Problem details
Begin your copy at the line that holds "Funda de asiento de coche" and carry it through the final line of the data, writing out each line exactly and omitting pictures.

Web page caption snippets
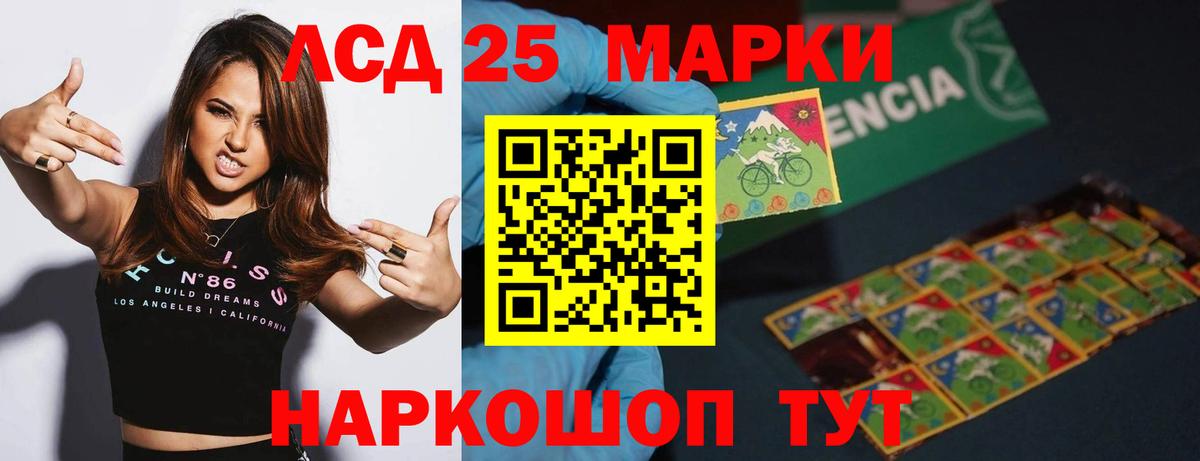 Галлюциногенные грибы Ялта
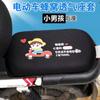 Funda de asiento de coche eléctrico para cuatro estaciones, universal, impermeable, protector solar, Emmayadi, batería de coche, bicicleta, cojín de asiento, funda de asiento de tranvía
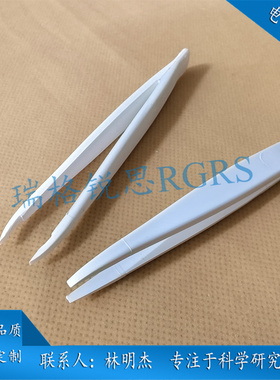 实验室专用耐氟氢酸镊子 耐酸碱耐腐蚀四氟镊子 进口CTFE材质镊子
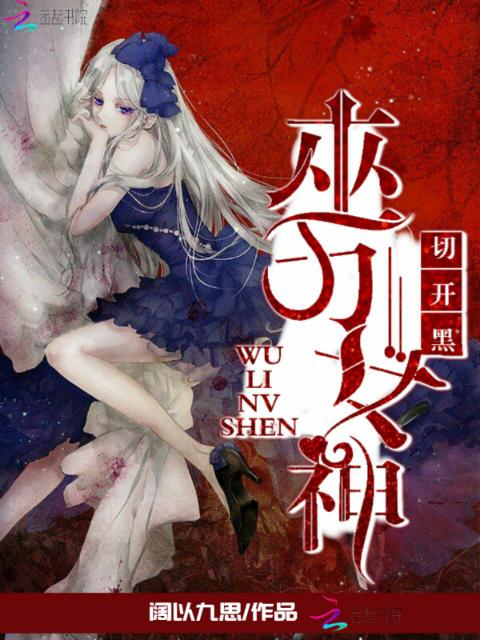 巫力女神，切开黑！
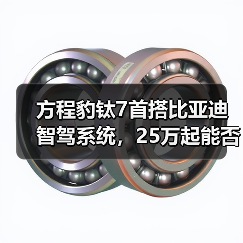 方程豹钛7首搭比亚迪智驾系统,25万起能否颠覆SUV市场?(图3) 方程豹钛7首搭比亚迪智驾系统,25万起能否颠覆SUV市场?(图3)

Result of this exercise
 Funda de asiento de coche eléctrico para cuatro estaciones, universal, impermeable, protector solar, Emmayadi, batería de coche, bicicleta, cojín de asiento, funda de asiento de tranvía
 实验室专用耐氟氢酸镊子 耐酸碱耐腐蚀四氟镊子 进口CTFE材质镊子
 巫力女神，切开黑！
 方程豹钛7首搭比亚迪智驾系统,25万起能否颠覆SUV市场?(图3) 方程豹钛7首搭比亚迪智驾系统,25万起能否颠覆SUV市场?(图3)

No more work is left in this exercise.